Nation by nation, Europe is going green. The latest country to prove its commitment to sustainable solutions is Italy. On Tuesday, the Italian Industry Minister announced that by 2025, the country plans to phase out coal power plants. Additionally, the country plans to meet 27 percent of “gross overall energy consumption” with renewable sources by the year 2030.
During a parliamentary hearing, Minister Carlo Calenda asked the national grid company to identify the infrastructure needed to make the transition. Shortly after, the country’s biggest utility, Enel, said it will not invest in new coal-fired power plants.
Unlike other countries in Europe, Italy’s renewable sector is constantly growing. In 2015, for instance, renewable energy sources generated just under 38 percent of the country’s electricity. Hydro-electrical plants remain the biggest contributor (15.5 percent), and solar and wind sources have reached nearly 13 percent, according to ZME Science. The country has no nuclear plants, as they were banned through a referendum in 1987.

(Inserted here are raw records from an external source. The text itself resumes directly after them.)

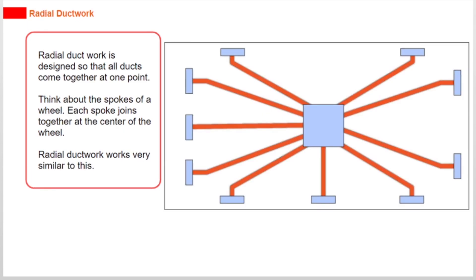Radial ductwork is designed so that all ducts come together at one point. Think about the spokes of a wheel. Each spoke joins together at the center of the wheel. Radial ductwork works very similar to this.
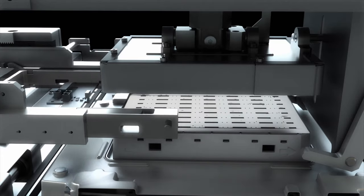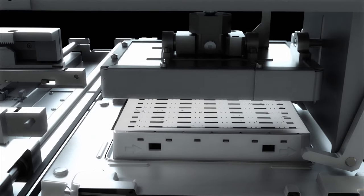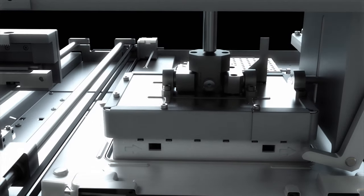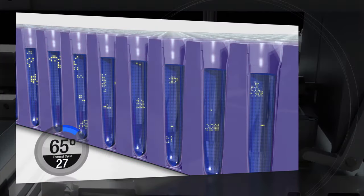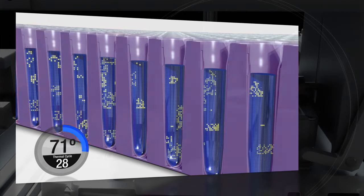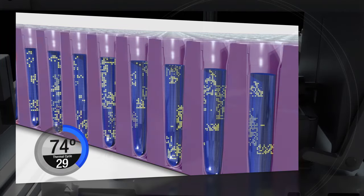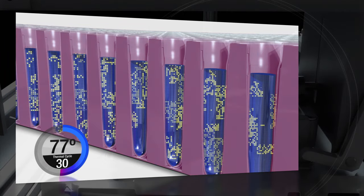The plate then undergoes thermal cycling, in which 20,000 individual PCR reactions occur in each sample well to amplify the DNA.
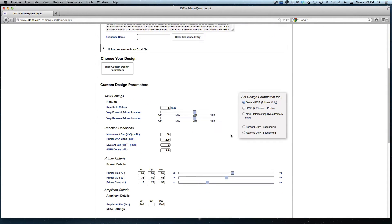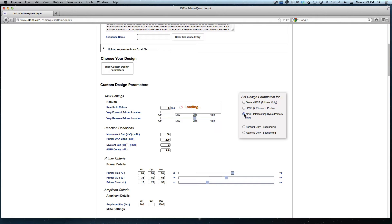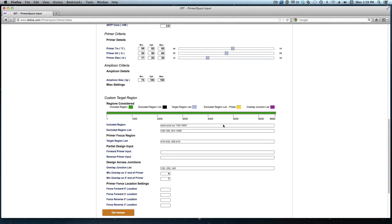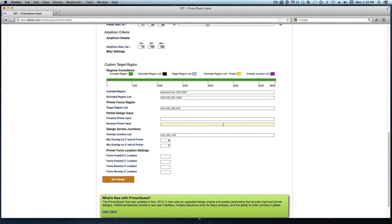Since I do want qPCR primers I am first going to change this design parameter set to the qPCR intercalating dye option. After those parameters reload I need to scroll to the bottom for the custom target region section.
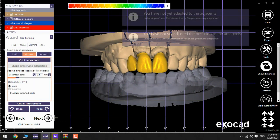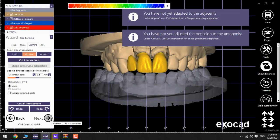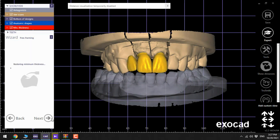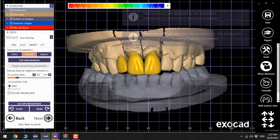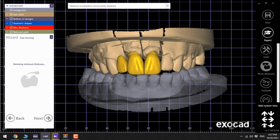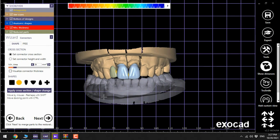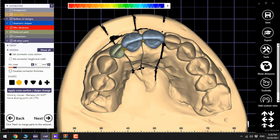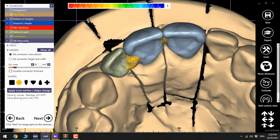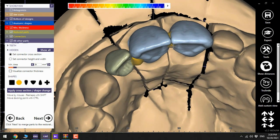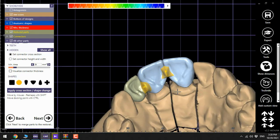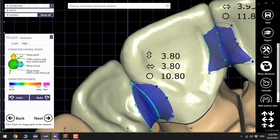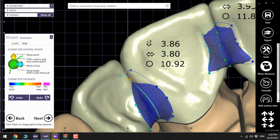Click next. Now, we go directly to the connectors. We place them usually on the lingual side, like this. Make them as strong as possible.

Chris Littlecott, who heads a fossil fuel transition program at think tank E3G, applauded the development. “Italy’s positive commitment to phase out coal by 2025 demonstrates real international leadership as it completes its year holding the G7 Presidency,” he said in a statement. “Italy now joins its G7 peers in Canada, France, and the UK in taking action to phase out coal power generation over the next decade. Together, they can lead a growing coalition of countries and regions that are now acting on coal,” he said.
Though this development is commendable, nothing has been confirmed just yet. The strategy should receive governmental and parliamentary approval at the beginning of November. If it passes, the measure will also speed up the introduction of vehicles powered by alternative fuels, and it will raise the number of EV charging stations to 19,000 by 2020.